This post is part of a series of paper reviews, covering the ~30 papers Ilya Sutskever sent to John Carmack to learn about AI. To see the rest of the reviews, go here.
[EDIT: this one was accidentally sent out after the identity mapping review. I ended up just publishing both of them at the same time]
Paper 11: Deep Residual Learning for Image Recognition
High Level
In 2024 it seems weird that anyone ever doubted the scaling hypothesis. But it's called a 'hypothesis' for a reason — before ~20201, there was bitter contention over whether models would always get better as they got bigger, without diminishing returns.
Part of the reason for this contention was the significant difficulty in actually training larger models. The history of training larger and larger models is one in which the industry would knock down some massive, seemingly insurmountable blocker, only to find a larger, even more insurmountable blocker behind it. First there were all sorts of issues with overfitting — see my review of Minimum Description Length. Then, the industry had to deal with limited chip memory and multi-chip training — see my review of AlexNet. Then it turned out that really large models suffered from vanishing or exploding gradients, caused by repeated application of the chain rule2 — this eventually got solved by better normalization methods like BatchNorm.
By 2015, a new problem had cropped up: bigger models would often simply perform much worse.
This is obviously bad. But it's also unintuitive. Take a look at that graph again.

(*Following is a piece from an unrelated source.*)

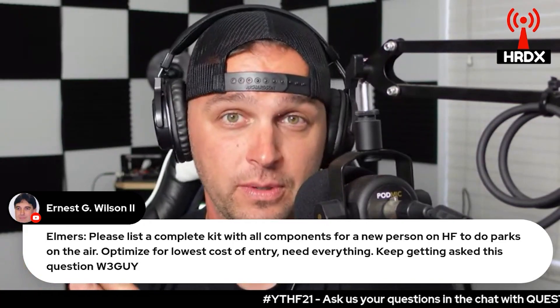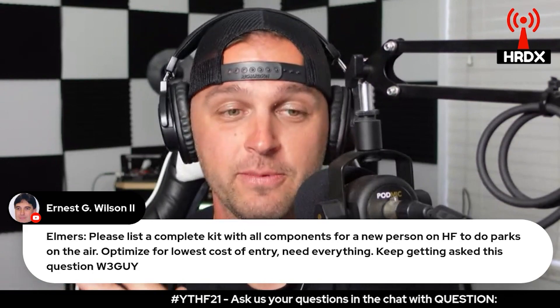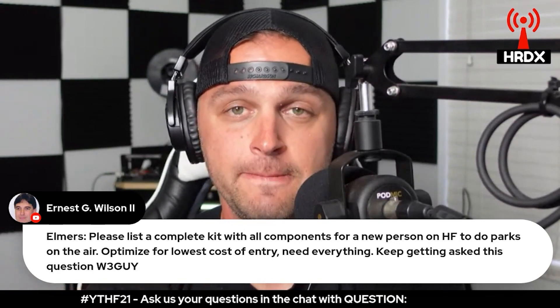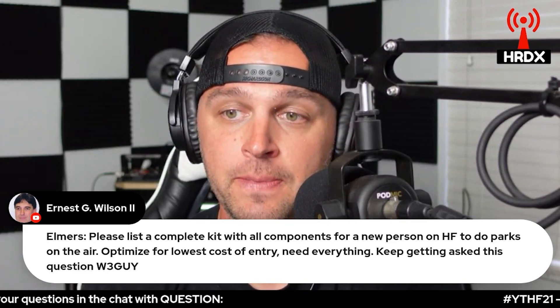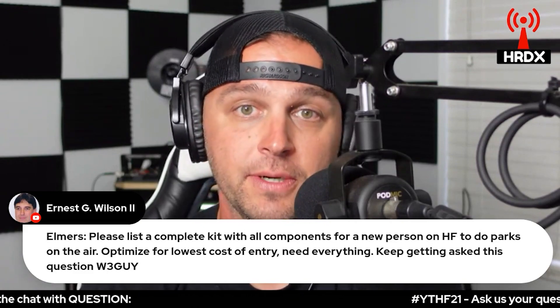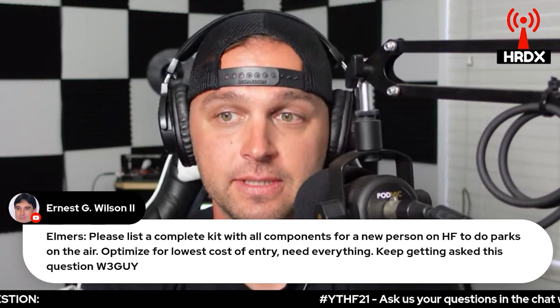If you're looking for inexpensiveness — and some people might disagree — Miyati makes a relatively inexpensive battery. Then you're going to need some coax and an antenna.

The 56 layer model performs worse than the 20 layer one. Let's assume that you actually can't do better than 20 layers, the 20 layer CIFAR-10 model is optimal for that dataset. The 56 layer model should be able to exactly replicate the 20 layer model — trivially, the 56 layer model could learn the first 20 layers exactly, and then the rest of the layers are just identity layers (i.e. multiply everything by an identity matrix, 36 times). But even though this trivial solution exists, the model seems incapable of learning it.
The authors call this 'the degradation problem'. The existence of the degradation problem implies that identity solutions in particular are hard for models to learn — the model must end up adding some noise.
My own theory is that learning explicit matrices is always hard. An identity matrix consists of 1's along the diagonal and zeros everywhere else. In a standard sgd backpropagation learning scheme, it's very difficult to drive a set of numbers to this exact format. One reason why this may be true is because gradients are calculated over minibatches. This means that in order to drive a matrix to exactly identity, all of your minibatches must also drive to identity. Over enough batches you will eventually converge to approximately identity (within epsilon), but it will take a long time, and you will never get exactly there. Since there will always be epsilon error in each layer, that error will compound the more layers you have.
This naturally leads to the question: if traditional models can't learn identity, can we craft a model that can? One plausible way out is to try to learn 'residuals'.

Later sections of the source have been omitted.